09 December, 2022

Louis Gottschalk

Louis Reichenthal Gottschalk was an American historian, an expert on Lafayette and the French Revolution. He taught for many years at the University of Chicago, where he was the Gustavus F. and Ann M. Swift Distinguished Service Professor of History.

He was born as Louis Gottschalk, the sixth of eight children of Morris and Anna (née Krystal) Gottschalk, Jewish immigrants to Brooklyn from Poland. He graduated from Cornell University with an A.B. in 1919, A.M. in 1920, and the Ph.D. in 1921, under the supervision of Carl L. Becker.
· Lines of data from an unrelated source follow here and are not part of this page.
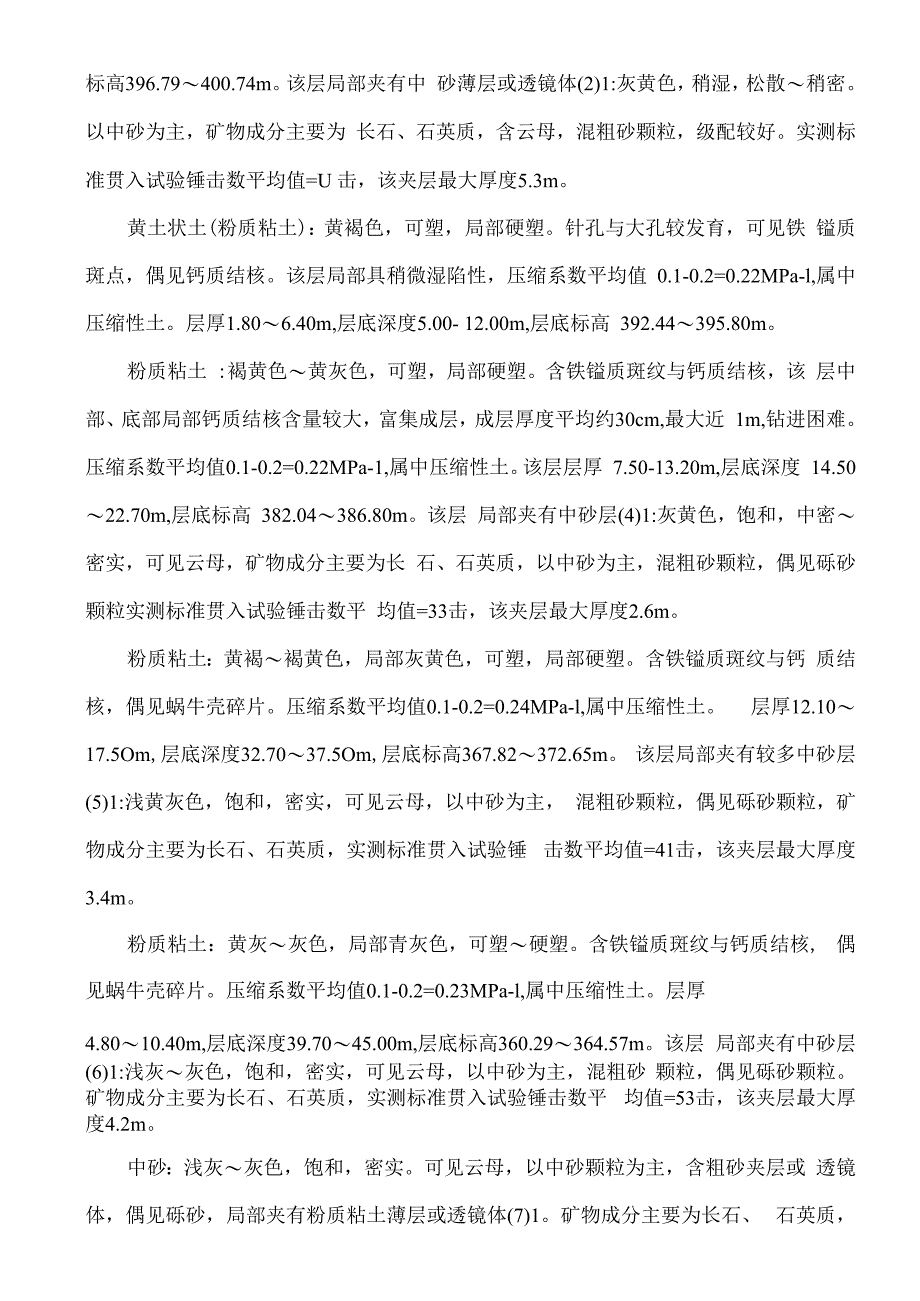 基坑支护应急预案.docx_第2页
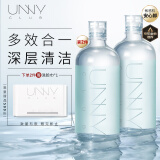 悠宜（unny club）温和净透卸妆水500ml 升级版清洁毛孔敏感肌可用清爽礼物送女士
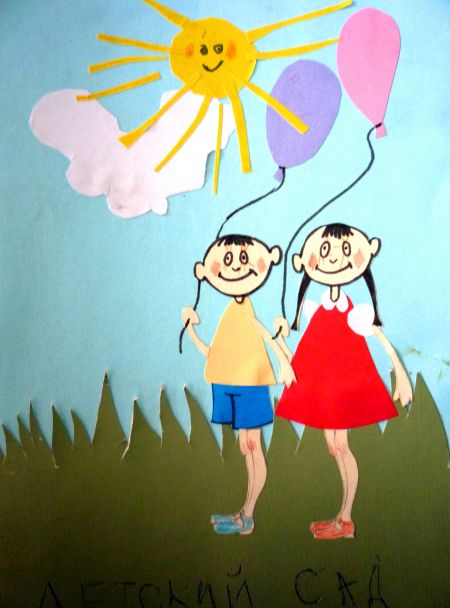 Аппликация "Детский сад", выполненная Генелевой Лерой вместе с мамой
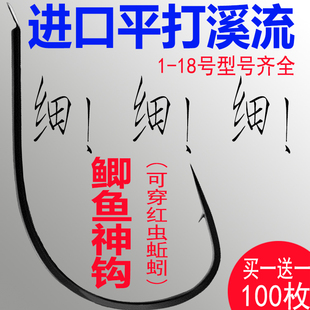 平打细条溪流鱼钩日本进口钓钩鲫鱼神钩泥鳅钓野钓飞钩散装锋利钩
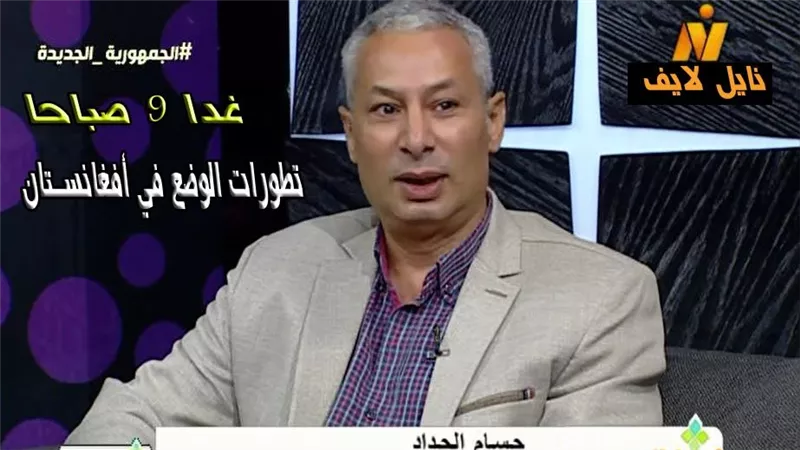 غدا الأحد.. حسام الحداد يناقش آخر تطورات الوضع في أفغانستان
During World War I, he served as an apprentice seaman from October 4, 1918 to November 11, 1918, a total of thirty eight days, at the Naval Unit at Cornell in Ithaca, New York. He taught briefly at the University of Illinois, and joined the University of Louisville faculty in 1923, but resigned in protest in 1927 after a friend and colleague in the history department was fired as part of an attempt by the university administration to abolish tenure. He joined the University of Chicago in 1927, was promoted to full professor in 1935, and chaired the history department from 1937 to 1942. He was given his endowed chair, the Gustavus F. and Ann M. Swift Distinguished Service Professorship of History, in 1959. In 1965, facing forced retirement from Chicago, he moved again to the University of Illinois at Chicago so that he could continue teaching.

From 1929 to 1943, he served as assistant editor of the Journal of Modern History; for three years following, he was acting editor. He was president of the American Historical Association in 1953 and the second president of the American Society for Eighteenth-Century Studies.

He met poet Laura Riding, then known by her maiden name, Laura Reichenthal, while she was a student at Cornell and he was a graduate assistant there. They married on November 2, 1920, and he took her last name as his middle name. However, they divorced in 1925. He later married Fruma Kasden, in 1930; they had two sons. Fruma Gottschalk later taught Russian at the University of Chicago, and died in 1995.